:: Data block

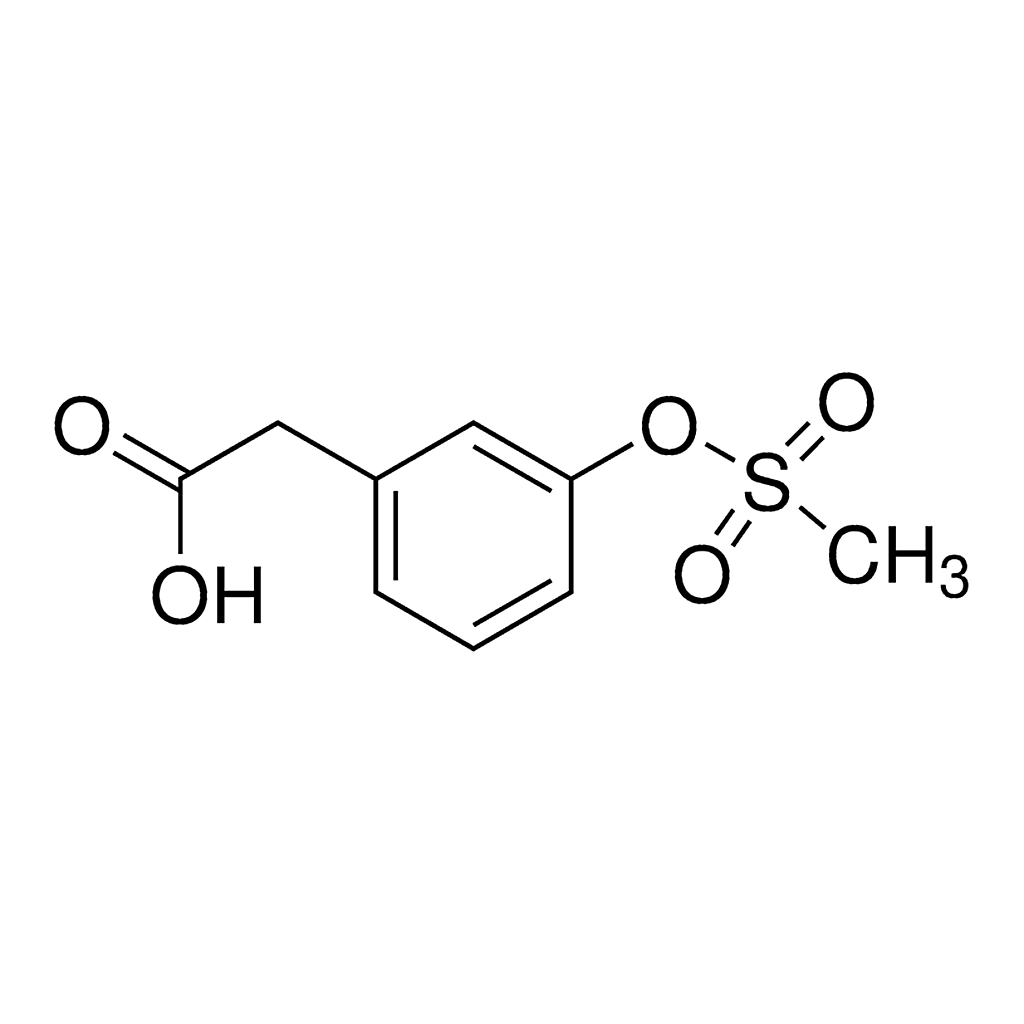 Merck {3-[(Methylsulfonyl)oxy]phenyl}acetic acid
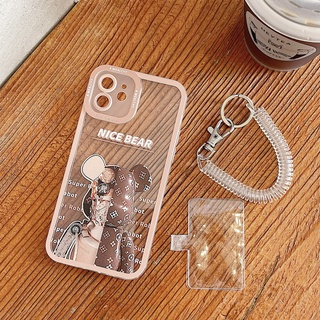 Golden Bear Hitomi Lens protection Soft Case TPU Phone Protective Case for IPhone 7 8 Plus 6 6S Full-Coverd Case for IPhone 11 Pro Max XR/XS/X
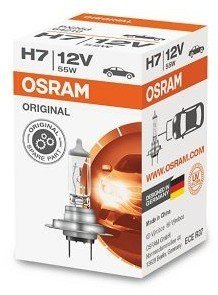 Žárovka Osram H7, Original 64210L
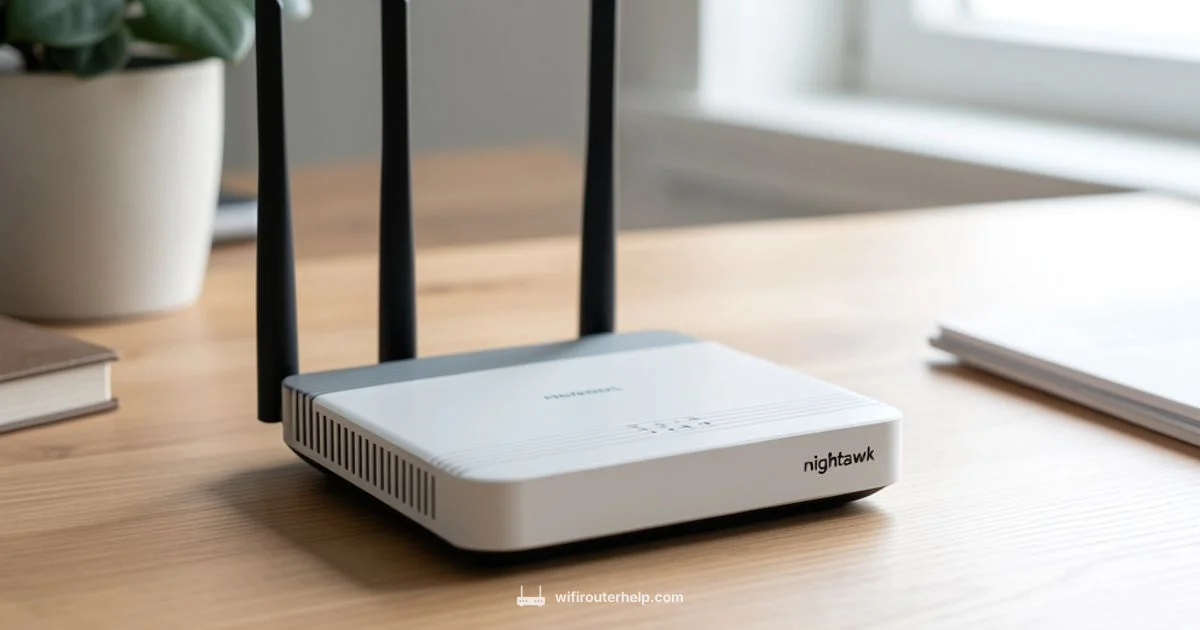 Nighthawk Setup Guide - WiFi Router Help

::::

• **Task details**:
Would you copy all of the data exactly? Keep the pictures out of it.

• **Answer to this task**:
 Merck {3-[(Methylsulfonyl)oxy]phenyl}acetic acid
 Golden Bear Hitomi Lens protection Soft Case TPU Phone Protective Case for IPhone 7 8 Plus 6 6S Full-Coverd Case for IPhone 11 Pro Max XR/XS/X
 Žárovka Osram H7, Original 64210L
 Nighthawk Setup Guide - WiFi Router Help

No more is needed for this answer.